These are the key concepts you need to understand to accurately answer the question.

Partial Derivatives
Partial derivatives help us understand how a multivariable function changes when we focus on one variable at a time while keeping others constant. If you have a function like \( f(x, y) \), it means that changes in \(x\) or \(y\) can affect the output of \(f\). To find partial derivatives, you calculate the derivative of the function with respect to one variable after fixing all the others.

Take the function component \(x + y^2\):
  • The partial derivative with respect to \(x\) simplifies to 1, since we're treating \(y^2\) as constant.
  • When considering \(y\), it becomes \(2y\), because \(y^2\) differentiates to 2\(y\) while \(x\) is constant.
By examining each variable separately, partial derivatives tell us how each dimension of your input affects the output within a function.
Derivative Matrix
A derivative matrix, or Jacobian matrix, presents all the partial derivatives of a function's components compactly. It organizes these derivatives into a matrix format, which is especially useful when dealing with vector-valued functions. For example, if you have a function \( \mathbf{v}(x, y) \) that outputs a vector, then its derivative matrix \( \mathbf{v}'(x, y) \) shows how each output component changes with each variable.

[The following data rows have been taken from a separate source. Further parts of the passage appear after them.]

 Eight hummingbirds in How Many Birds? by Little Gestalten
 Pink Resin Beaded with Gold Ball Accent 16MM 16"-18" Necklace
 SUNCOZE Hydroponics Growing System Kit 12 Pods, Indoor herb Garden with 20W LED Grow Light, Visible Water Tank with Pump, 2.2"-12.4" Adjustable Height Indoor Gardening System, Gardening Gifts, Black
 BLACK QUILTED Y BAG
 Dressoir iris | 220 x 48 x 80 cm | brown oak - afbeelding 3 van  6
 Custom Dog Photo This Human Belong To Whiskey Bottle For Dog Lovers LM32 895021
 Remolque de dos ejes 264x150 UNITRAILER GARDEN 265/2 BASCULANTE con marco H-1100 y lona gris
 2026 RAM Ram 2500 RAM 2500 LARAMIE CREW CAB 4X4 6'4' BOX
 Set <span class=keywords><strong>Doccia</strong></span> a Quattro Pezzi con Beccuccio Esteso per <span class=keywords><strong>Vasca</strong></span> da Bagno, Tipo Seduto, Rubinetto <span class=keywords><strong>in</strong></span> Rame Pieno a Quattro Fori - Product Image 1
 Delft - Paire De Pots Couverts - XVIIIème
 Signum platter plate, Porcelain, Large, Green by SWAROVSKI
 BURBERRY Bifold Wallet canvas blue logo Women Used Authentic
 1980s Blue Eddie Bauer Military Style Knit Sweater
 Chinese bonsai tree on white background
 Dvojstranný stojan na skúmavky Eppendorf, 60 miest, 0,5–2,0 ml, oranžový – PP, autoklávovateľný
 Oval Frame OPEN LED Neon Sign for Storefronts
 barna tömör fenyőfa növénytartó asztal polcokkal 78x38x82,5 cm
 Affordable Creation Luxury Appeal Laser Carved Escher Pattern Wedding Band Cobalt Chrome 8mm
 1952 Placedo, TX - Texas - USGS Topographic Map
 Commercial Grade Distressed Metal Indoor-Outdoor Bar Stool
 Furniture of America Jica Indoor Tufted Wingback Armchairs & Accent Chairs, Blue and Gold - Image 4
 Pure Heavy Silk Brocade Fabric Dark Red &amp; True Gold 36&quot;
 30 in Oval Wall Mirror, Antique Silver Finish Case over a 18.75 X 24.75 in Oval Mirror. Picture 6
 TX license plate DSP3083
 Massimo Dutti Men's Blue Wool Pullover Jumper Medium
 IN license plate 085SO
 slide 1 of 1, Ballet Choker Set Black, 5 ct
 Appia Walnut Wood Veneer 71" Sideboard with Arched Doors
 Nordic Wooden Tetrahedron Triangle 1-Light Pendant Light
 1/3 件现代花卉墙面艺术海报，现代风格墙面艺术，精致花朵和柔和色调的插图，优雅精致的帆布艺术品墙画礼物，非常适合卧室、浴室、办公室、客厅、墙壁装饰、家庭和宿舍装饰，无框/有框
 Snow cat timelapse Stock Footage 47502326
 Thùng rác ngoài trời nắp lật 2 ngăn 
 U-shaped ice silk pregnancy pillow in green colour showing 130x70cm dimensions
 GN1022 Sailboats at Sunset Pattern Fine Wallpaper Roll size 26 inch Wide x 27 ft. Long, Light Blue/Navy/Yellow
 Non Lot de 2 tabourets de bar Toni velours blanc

Consider the vector-valued function \( \mathbf{v}(x, y) \) with three components:
  • The first row in the matrix contains the derivatives of the first component with respect to \(x\) and \(y\).
  • The second row represents the derivatives of the second component, similarly with each variable.
  • The third row continues this pattern for the third component.
This structure allows one to understand how small changes in \(x\) and \(y\) affect each part of the vector output simultaneously, providing a holistic view of the function's behavior.
Function Composition
Function composition is a way of combining two functions to form a new function. It involves using the output of one function as the input of another. When dealing with vector functions like \( \mathbf{v}(x, y) \) and \( \mathbf{w}(r, s, t) \), composability depends heavily on the dimensions.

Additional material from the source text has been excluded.